Thank you very much for your help!
pip freeze result
aiofiles==23.2.1
aiohappyeyeballs==2.4.3
aiohttp==3.10.10
aiosignal==1.3.1
annotated-types==0.7.0
anyio==4.5.0
async-timeout==4.0.3
attrs==24.2.0
certifi==2024.8.30
charset-normalizer==3.4.0
click==8.1.7
contourpy==1.1.1
cycler==0.12.1
datasets==3.0.1
dill==0.3.8
exceptiongroup==1.2.2
fastapi==0.115.2
ffmpy==0.4.0
filelock==3.16.1
fonttools==4.54.1
frozenlist==1.4.1
fsspec==2024.6.1
gradio==4.44.1
gradio-client==1.3.0
h11==0.14.0
httpcore==1.0.6
httpx==0.27.2
huggingface-hub==0.25.2
idna==3.10
importlib-resources==6.4.5
jinja2==3.1.4
joblib==1.4.2
kiwisolver==1.4.7
markdown-it-py==3.0.0
MarkupSafe==2.1.5
matplotlib==3.7.5
mdurl==0.1.2
multidict==6.1.0
multiprocess==0.70.17
numpy==1.24.4
orjson==3.10.7
packaging==24.1
pandas==2.0.3
pillow==10.4.0
prettytable==3.11.0
propcache==0.2.0
pyarrow==17.0.0
pydantic==2.9.2
pydantic-core==2.23.4
pydub==0.25.1
pygments==2.18.0
pyparsing==3.1.4
python-dateutil==2.9.0.post0
python-multipart==0.0.12
pytz==2024.2
PyYAML==6.0.2
regex==2024.9.11
requests==2.32.3
rich==13.9.2
ruff==0.6.9
sacremoses==0.1.1
safetensors==0.4.5
scikit-learn==1.3.2
scipy==1.10.1
semantic-version==2.10.0
shellingham==1.5.4
six==1.16.0
sniffio==1.3.1
starlette==0.39.2
threadpoolctl==3.5.0
tokenizers==0.9.4
tomlkit==0.12.0
torch==1.7.1+cu110
torchtyping==0.1.5
tqdm==4.66.5
transformers==4.2.1
typeguard==2.13.3
typer==0.12.5
typing-extensions==4.12.2
tzdata==2024.2
urllib3==2.2.3
uvicorn==0.31.1
wcwidth==0.2.13
websockets==12.0
xxhash==3.5.0
yarl==1.15.1
zipp==3.20.2
Hi,
It looks like the dependency is the same as our experiment setting and the hardware shouldn't cause that much of a difference.
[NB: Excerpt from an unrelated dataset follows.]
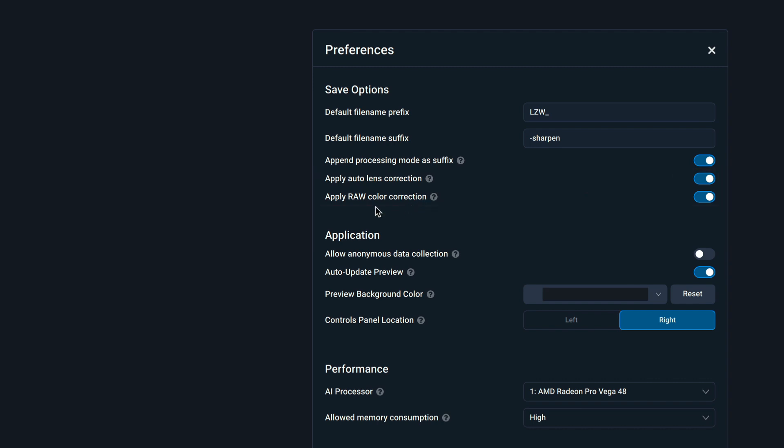Now, I don't believe auto lens corrections applies to raw files. It's only TIFF and JPEG files. I'm pretty sure, not 100%, but pretty sure. But I do know this, when you take this processed image and send it into Lightroom or Adobe Camera Raw, you will be able to apply lens corrections on the file there.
Unfortunately I am also not sure what caused the difference.... have you tried testing the RoBERTa first-last avg?
@gaotianyu1350
Thanks for the prompt response! Also could not reproduce the results for the RoBERTa first-last avg.
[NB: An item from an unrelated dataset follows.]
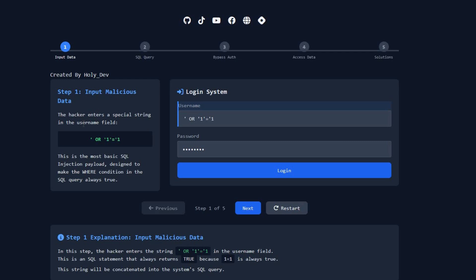Here's a step-by-step look at how hackers use SQL commands to exploit sensitive data. Step one: input malicious data. Imagine the hacker opens a login page. Instead of typing a real username or password, the hacker types a malicious string. This string always returns true because one equals one is always true, so this string will be inserted into the SQL query if the website creator does not sanitize or secure the input.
It turned out that due to the logic change in first-last avg pooling in this commit, it seems that the current codebase cannot reproduce the result for the models which use first-last avg (like BERT or RoBERTa).
After rolling back the codebase (just simply use the static word embedding layer instead of the contextualized embeddings from first layer), I can successfully reproduce the STS results shown in the paper.
It would be very nice if you could add some notes in README or your paper about this discrepancy for those who are/will be trying to reproduce the result! :)
Hi,
Thanks for figuring it out!! Yeah it makes sense that using the contextual embedding improves the result. I'll add a note to the readme.
Thank you for updating README! Closing this issue.